Two exhibits featuring Pop art, which has presented a challenge to traditions of fine art by including imagery from popular culture, are running separately in Hanoi, with one of them showcasing works by an Italian artist.
An art exhibit, “Transcendent”, launched by Italian artist Giuseppe Strano Spitu and his two Vietnamese counterparts, Bang Si Truc and Vu Pham Truong Minh, kicked off yesterday at 18 Le Phung Hieu, Hoan Kiem district.
Their exhibited artworks tend to land spectators in a carefree state and lead them to triumph over their turbulent psychological crises.
“The special lighting effects of my works create a special feeling of co-existence of elegance and materials,” Spitu shared.
Meanwhile, Minh, the youngest of the threesome, chooses to share his ideas and feelings with viewers most directly and quickly through Pop art, in which material is sometimes visually removed from its known context, isolated, and/or combined with unrelated material.

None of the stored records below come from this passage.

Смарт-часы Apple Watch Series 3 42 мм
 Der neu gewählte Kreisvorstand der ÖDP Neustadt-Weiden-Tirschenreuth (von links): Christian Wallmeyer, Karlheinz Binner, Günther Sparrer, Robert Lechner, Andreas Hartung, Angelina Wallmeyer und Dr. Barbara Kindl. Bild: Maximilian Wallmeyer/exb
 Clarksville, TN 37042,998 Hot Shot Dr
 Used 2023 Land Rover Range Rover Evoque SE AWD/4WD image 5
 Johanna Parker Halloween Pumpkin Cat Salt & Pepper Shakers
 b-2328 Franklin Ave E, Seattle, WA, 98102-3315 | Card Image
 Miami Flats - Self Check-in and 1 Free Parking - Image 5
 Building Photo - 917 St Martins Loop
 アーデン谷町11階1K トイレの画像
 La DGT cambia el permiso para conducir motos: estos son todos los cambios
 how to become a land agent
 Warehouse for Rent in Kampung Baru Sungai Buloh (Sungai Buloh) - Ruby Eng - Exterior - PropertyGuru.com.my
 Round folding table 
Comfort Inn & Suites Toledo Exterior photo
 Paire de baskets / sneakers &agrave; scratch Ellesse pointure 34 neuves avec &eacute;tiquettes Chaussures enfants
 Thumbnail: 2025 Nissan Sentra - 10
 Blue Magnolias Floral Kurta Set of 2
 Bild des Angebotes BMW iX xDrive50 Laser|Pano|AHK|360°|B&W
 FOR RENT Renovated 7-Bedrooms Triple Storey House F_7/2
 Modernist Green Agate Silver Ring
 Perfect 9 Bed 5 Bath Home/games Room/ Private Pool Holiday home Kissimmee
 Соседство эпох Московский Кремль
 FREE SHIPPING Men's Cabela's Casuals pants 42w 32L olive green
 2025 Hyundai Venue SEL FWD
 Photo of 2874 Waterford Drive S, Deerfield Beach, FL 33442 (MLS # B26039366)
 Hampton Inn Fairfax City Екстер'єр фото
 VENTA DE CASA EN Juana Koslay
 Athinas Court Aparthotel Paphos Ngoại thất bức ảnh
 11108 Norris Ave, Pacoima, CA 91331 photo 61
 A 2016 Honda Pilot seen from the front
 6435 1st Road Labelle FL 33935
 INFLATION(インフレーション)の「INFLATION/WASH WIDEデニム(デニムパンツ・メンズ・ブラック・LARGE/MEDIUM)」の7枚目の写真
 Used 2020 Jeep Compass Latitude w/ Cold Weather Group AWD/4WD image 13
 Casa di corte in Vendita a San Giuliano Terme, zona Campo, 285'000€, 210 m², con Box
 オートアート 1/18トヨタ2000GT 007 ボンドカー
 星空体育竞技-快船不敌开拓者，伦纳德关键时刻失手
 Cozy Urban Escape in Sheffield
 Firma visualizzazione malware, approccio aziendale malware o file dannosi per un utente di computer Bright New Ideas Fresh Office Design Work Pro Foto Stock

The exhibit is part of the “2014 Italy – Vietnam” program, which is launched by the Italian Embassy to Vietnam and runs until May 2.
In the same vein, 21 Pop-art works by local artist Nguyen Trong Minh are also being exhibited at the Vietnam Fine Arts Museum, 66 Nguyen Thai Hoc, Ba Dinh district.
The artist adopts realism, combined with the mechanical means of reproduction or rendering techniques, which is typical of Pop art, to create his contemplative works.
The exhibit, “At the end of the queue”, runs until Apr 23.
Pop art is an art movement which emerged in Britain in the mid-1950s and in the US in the late 1950s.
Pop art employs aspects of mass culture, including advertising, comic books and mundane cultural objects as opposed to the elitist culture in art, most often through the use of irony.